CD117

V-kit Hardy-Zuckerman 4 feline sarcoma viral oncogene homolog

PDB rendering based on 1pkg.
Available structures
PDB Ortholog search: PDBe, RCSB
Identifiers
Symbols KIT ; C-Kit; CD117; PBT; SCFR
External IDs OMIM: 164920 MGI: 96677 HomoloGene: 187 ChEMBL: 1936 GeneCards: KIT Gene
EC number 2.7.10.1
Orthologs
Species Human Mouse
Entrez 3815 16590
Ensembl ENSG00000157404 ENSMUSG00000005672
UniProt P10721 P05532
RefSeq (mRNA) NM_000222 NM_001122733
RefSeq (protein) NP_000213 NP_001116205
Location (UCSC) Chr 4:
54.66 – 54.74 Mb
Chr 5:
75.57 – 75.66 Mb
PubMed search

Mast/stem cell growth factor receptor (SCFR), also known as proto-oncogene c-Kit or tyrosine-protein kinase Kit or CD117, is a receptor tyrosine kinase protein that in humans is encoded by the KIT gene.[1] Multiple transcript variants encoding different isoforms have been found for this gene.[2][3] KIT was first described by the German biochemist Axel Ullrich in 1987 as the cellular homolog of the feline sarcoma viral oncogene v-kit.[4]

Cell surface marker

Cluster of differentiation (CD) molecules are markers on the cell surface, as recognized by specific sets of antibodies, used to identify the cell type, stage of differentiation and activity of a cell. CD117 is an important cell surface marker used to identify certain types of hematopoietic (blood) progenitors in the bone marrow. To be specific, hematopoietic stem cells (HSC), multipotent progenitors (MPP), and common myeloid progenitors (CMP) express high levels of CD117. Common lymphoid progenitors (CLP) express low surface levels of CD117. CD117 also identifies the earliest thymocyte progenitors in the thymus. To be specific, early T lineage progenitors (ETP/DN1) and DN2 thymocytes express high levels of c-Kit. It is also a marker for mouse prostate stem cells.[5] In addition, mast cells, melanocytes in the skin, and interstitial cells of Cajal in the digestive tract express CD117.

Function

CD117 is a cytokine receptor expressed on the surface of hematopoietic stem cells as well as other cell types. Altered forms of this receptor may be associated with some types of cancer.[6] CD117 is a receptor tyrosine kinase type III, which binds to stem cell factor (a substance that causes certain types of cells to grow), also known as "steel factor" or "c-kit ligand". When this receptor binds to stem cell factor (SCF) it forms a dimer that activates its intrinsic tyrosine kinase activity, that in turn phosphorylates and activates signal transduction molecules that propagate the signal in the cell. Signalling through CD117 plays a role in cell survival, proliferation, and differentiation.

Mobilization

Hematopoietic progenitor cells are normally present in the blood at low levels. Mobilization is the process by which progenitors are made to migrate from the bone marrow into the bloodstream, thus increasing their numbers in the blood. Mobilization is used clinically as a source of hematopoietic stem cells for hematopoietic stem cell transplantation (HSCT). Signaling through CD117 has been implicated in mobilization. At the current time, G-CSF is the main drug used for mobilization. G-CSF indirectly activates CD117. Plerixafor (an antagonist of CXCR4-SDF1) in combination with G-CSF, is also being used for mobilization of hematopoietic progenitor cells. Direct CD117 agonists are currently being developed as mobilization agents.

Role in cancer

Activating mutations in this gene are associated with gastrointestinal stromal tumors, testicular seminoma, mast cell disease, melanoma, acute myeloid leukemia, while inactivating mutations are associated with the genetic defect piebaldism.[2]

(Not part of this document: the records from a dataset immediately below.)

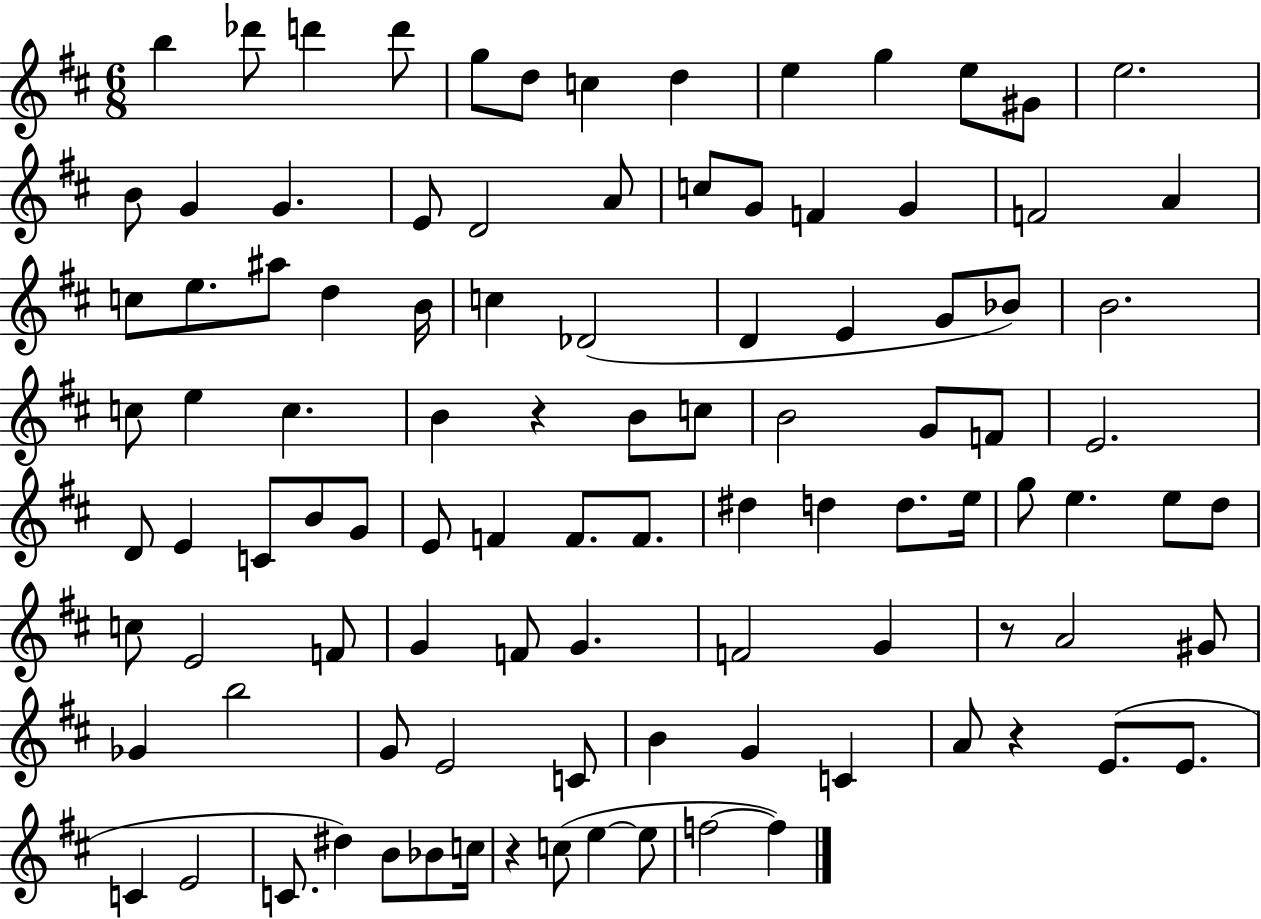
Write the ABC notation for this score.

X:1
T:Untitled
M:6/8
L:1/4
K:D
b _d'/2 d' d'/2 g/2 d/2 c d e g e/2 ^G/2 e2 B/2 G G E/2 D2 A/2 c/2 G/2 F G F2 A c/2 e/2 ^a/2 d B/4 c _D2 D E G/2 _B/2 B2 c/2 e c B z B/2 c/2 B2 G/2 F/2 E2 D/2 E C/2 B/2 G/2 E/2 F F/2 F/2 ^d d d/2 e/4 g/2 e e/2 d/2 c/2 E2 F/2 G F/2 G F2 G z/2 A2 ^G/2 _G b2 G/2 E2 C/2 B G C A/2 z E/2 E/2 C E2 C/2 ^d B/2 _B/2 c/4 z c/2 e e/2 f2 f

CD117 is a proto-oncogene, meaning that overexpression or mutations of this protein can lead to cancer.[7] Seminomas, a subtype of testicular germ cell tumors, frequently have activating mutations in exon 17 of CD117. In addition, the gene encoding CD117 is frequently overexpressed and amplified in this tumor type, most commonly occurring as a single gene amplicon.[8] Mutations of CD117 have also been implicated in leukemia, a cancer of hematopoietic progenitors, melanoma, mast cell disease, and gastrointestinal stromal tumors (GISTs). The efficacy of imatinib (trade name Gleevec), a CD117 inhibitor, is determined by the mutation status of CD117.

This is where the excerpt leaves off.